Die Offenheit für einen Mikrochip im eigenen Körper ist vor allem bei medizinischen Anwendungsfällen am größten: 82 Prozent derjenigen, die sich eine Implantation grundsätzlich vorstellen können, würden dies zur Behandlung schwerer Krankheiten tun und 79 Prozent zur Behandlung starker Schmerzen. 

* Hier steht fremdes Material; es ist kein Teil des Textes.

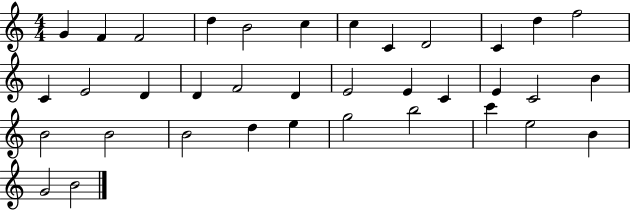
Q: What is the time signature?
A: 4/4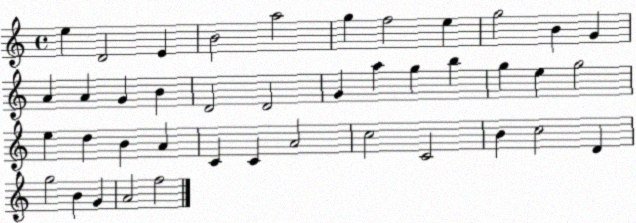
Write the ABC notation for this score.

X:1
T:Untitled
M:4/4
L:1/4
K:C
e D2 E B2 a2 g f2 e g2 B G A A G B D2 D2 G a g b g e g2 e d B A C C A2 c2 C2 B c2 D g2 B G A2 f2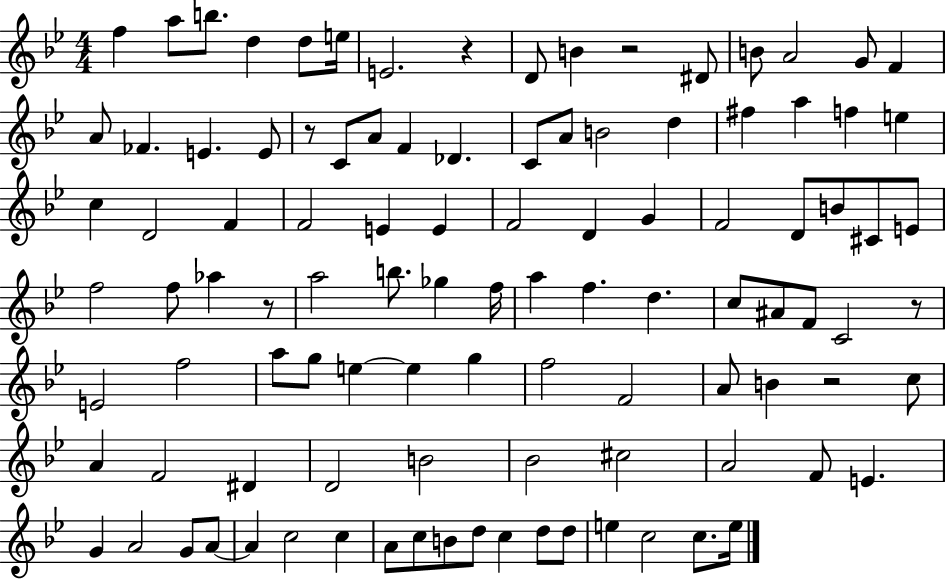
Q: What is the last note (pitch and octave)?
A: E5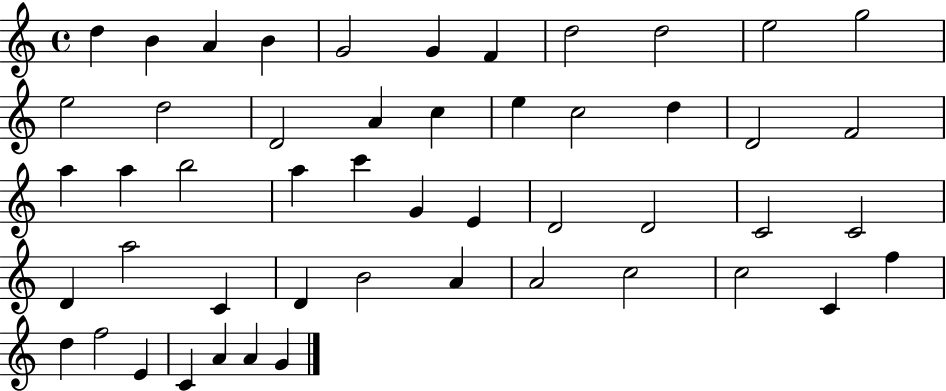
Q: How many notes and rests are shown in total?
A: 50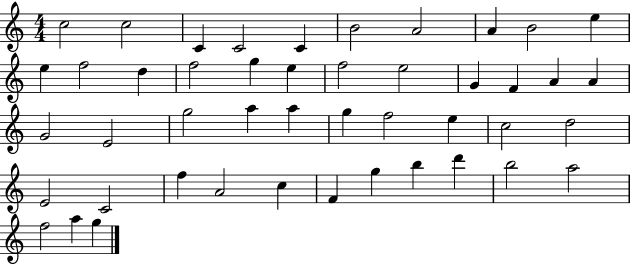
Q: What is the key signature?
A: C major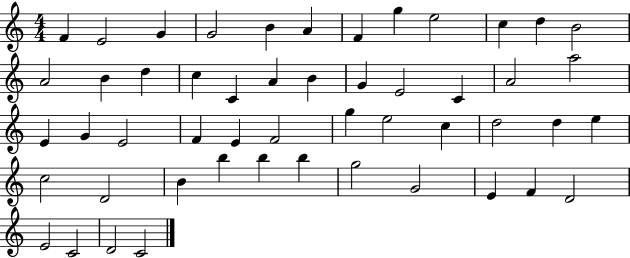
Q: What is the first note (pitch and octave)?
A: F4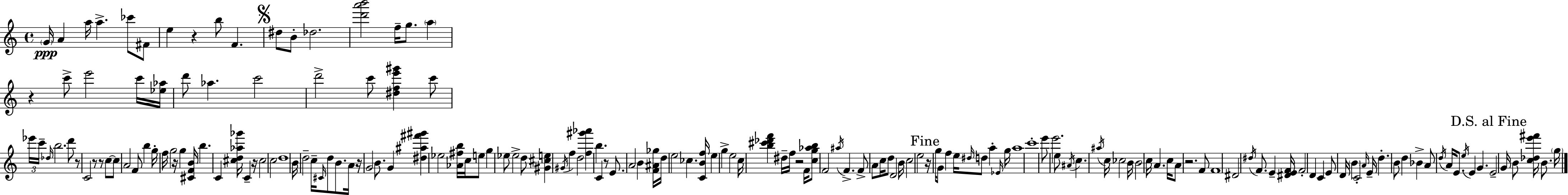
{
  \clef treble
  \time 4/4
  \defaultTimeSignature
  \key a \minor
  \repeat volta 2 { \parenthesize g'16\ppp a'4 a''16 a''4.-> ces'''8 fis'8 | e''4 r4 b''8 f'4. | \mark \markup { \musicglyph "scripts.segno" } dis''8 b'8-. des''2. | <d''' a''' b'''>2 f''16-- g''8. \parenthesize a''4 | \break r4 c'''8-> e'''2 c'''16 <ees'' aes''>16 | d'''8 aes''4. c'''2 | d'''2-> c'''8 <dis'' f'' e''' gis'''>4 c'''8 | \tuplet 3/2 { ees'''16 c'''16-- \grace { des''16 } } b''2. d'''8 | \break r8 c'2 r8 r8 c''8~~ | c''8 a'2 f'8 b''4 | g''16-. f''16 g''2 r16 g''4 | <cis' f' b'>16 b''4. c'4 <cis'' d'' aes'' ges'''>16 c'4-- | \break r16 cis''2 c''2 | d''1 | b'16 d''2-- c''16-- \grace { cis'16 } d''8 b'8. | a'16 r16 g'2 b'8. g'4 | \break <dis'' ais'' fis''' gis'''>4 ees''2 <aes' fis'' b''>16 c''16 | e''8 g''4 ees''8 ees''2-> | d''8 <gis' cis'' e''>4 \acciaccatura { gis'16 } f''4 d''2 | <f'' gis''' aes'''>4 b''4. c'4 | \break r8 e'8. a'2 b'4 | <f' ais' ges''>16 d''16 e''2 ces''4. | <c' b' f''>16 e''4 g''4-> e''2 | c''16 <b'' cis''' des''' f'''>4 dis''16-- f''16 r2 | \break f'16 <c'' g'' aes'' b''>8 f'2 \acciaccatura { ais''16 } f'4.-> | f'8-> a'8 c''16 d''8 d'2 | b'16 c''2 e''2 | \mark "Fine" r16 g''16 g'8 f''4 e''16 \grace { dis''16 } d''8 | \break a''4-. \grace { ees'16 } g''16 a''1 | c'''1-. | e'''8 e'''2. | e''8 \acciaccatura { ais'16 } c''4. \acciaccatura { ais''16 } c''16 ces''2 | \break b'16 b'2 | c''16 a'4. c''16 a'8 r2. | f'8 f'1 | dis'2 | \break \acciaccatura { dis''16 } f'8. e'4-- <dis' e' f'>16 f'2-. | d'4 c'4 e'8 d'16 \parenthesize b'4 | c'2-. \grace { a'16 } e'16-- d''4.-. | b'8 d''4 bes'4-> a'8 \acciaccatura { d''16 } a'16 e'8. | \break \acciaccatura { e''16 } e'4 g'4. \mark "D.S. al Fine" e'2-- | g'16 b'8 <c'' des'' e''' fis'''>16 b'8. \parenthesize g''16 } \bar "|."
}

Im Falle von Behinderungen – etwa, wenn es darum ginge, wieder sprechen oder gehen zu können – würden 60 Prozent ein Chip-Implantat nutzen. Gegen leichte Schmerzen würden „nur“ noch 43 Prozent einen Chip einsetzen. 17 Prozent würden Gesundheitsdaten wie die Blutgruppe, den Rhesusfaktor oder auch den Impfstatus auf einem implantierten Chip speichern. 

Je wirkungsvoller diese Technologien im Kampf gegen schwere Krankheiten und körperliche Einschränkungen ist, desto eher wird sie akzeptiert.

Dr. Bernhard Rohleder, Bitkom.

Chip-Implantate werden bereits bei bestimmten Krankheitsbildern wie Parkinson oder Epilepsie eingesetzt. Anfang dieses Jahres wurde einem Menschen ein Computer-Chip ins Gehirn implantiert, der die Steuerung von Smartphone und Computer über die Gedanken ermöglichen soll. „Je wirkungsvoller diese Technologien im Kampf gegen schwere Krankheiten und körperliche Einschränkungen ist, desto eher wird sie akzeptiert“, so Dr. Bernhard Rohleder, Hauptgeschäftsführer des Bitkom.

59 Prozent der Menschen in Deutschland gehen laut Befragung des Digitalverbands Bitkom aktuell davon aus, dass Chip-Implantate die Medizin revolutionieren werden. 41 halten die Nutzung solcher Chips allerdings für unethisch – und 39 Prozent ist die Vorstellung von Chip-Implantaten unheimlich.

Chip im Körper als Türöffner

Mikrochips unter der Haut, die oft nur so groß sind wie ein Reiskorn, erfüllen aber nicht nur medizinische, sondern auch Alltags-Funktionen. 39 Prozent derjenigen, die sich grundsätzlich die Implantation eines Chips vorstellen können, würden damit elektronische Türöffner bedienen wollen – dies geht etwa mit Hilfe so genannter NFC-Chips. 38 Prozent würden Personalausweis oder Führerschein auf einem Chip speichern und 22 Prozent würden ihn zum Bezahlen nutzen. 6 Prozent würden sich auch einfach ihre Visitenkarte per Mikrochip einpflanzen lassen.